An FOI request often leads to a further request and better informed civic engaged: For procurement monitors who are bent on tying public resources to the availability of public services, it is a long trail of FOI Requests. It takes patience and time to arduously follow up the process. When UBEC finally began to provide sufficient detail of their public expenditure, procurement monitors discovered that states such as Benue state were unable to access their matching grants from the Federal Government because they had not provided the required counterpart funding to match the contribution of the Federal Government in the last five years. There is no better indication than budgetary allocations to indicate that education is not the priority of the State and this provides room for informed civic engagement to the Benue state Government to make Basic Education a priority within by ensuring the allocation of counterpart funding to Basic Education at the State.
Insisting on proactive disclosure: If procurement monitors have learnt anything in the last year, it is that there is routine information on Public Resource Management that needs to be released before it is even requested for lest there would never be a chance to view the big picture.
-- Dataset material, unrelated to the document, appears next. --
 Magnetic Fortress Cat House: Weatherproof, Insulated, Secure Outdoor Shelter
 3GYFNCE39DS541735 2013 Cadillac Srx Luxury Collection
The mandate within the FOIA requires information such as those related to Public Resource utilization to be made readily available. Verifiable information here means information that can be officially recorded, stored, accessed and referred to by the public. If people are vying for elected positions, proactive disclosure should form a documented part of their promissory charter of delivery to the electorate because that is a required mechanism for public accountability.
The need for data standards: In 2014, there was a common trend where a specific public expenditure record was represented differently in different documents and across various institutions in custody of that same record. This made it difficult to link information from the budget office for example, to the information on procurement plans because the same information was presented under different headers and titles. There is therefore a need for coherence in disclosing information on public resource utilization.
2014 is behind us. In 2015, we are electing new political leaders. It is apt that the measure of public accountability of those we elect to represent us in government informs how we cast our votes. In a country where public trust is eroded, we must consider how committed those vying for our votes are to public accountability. This is also the best time to demand for public accountability for those who would like to be in government.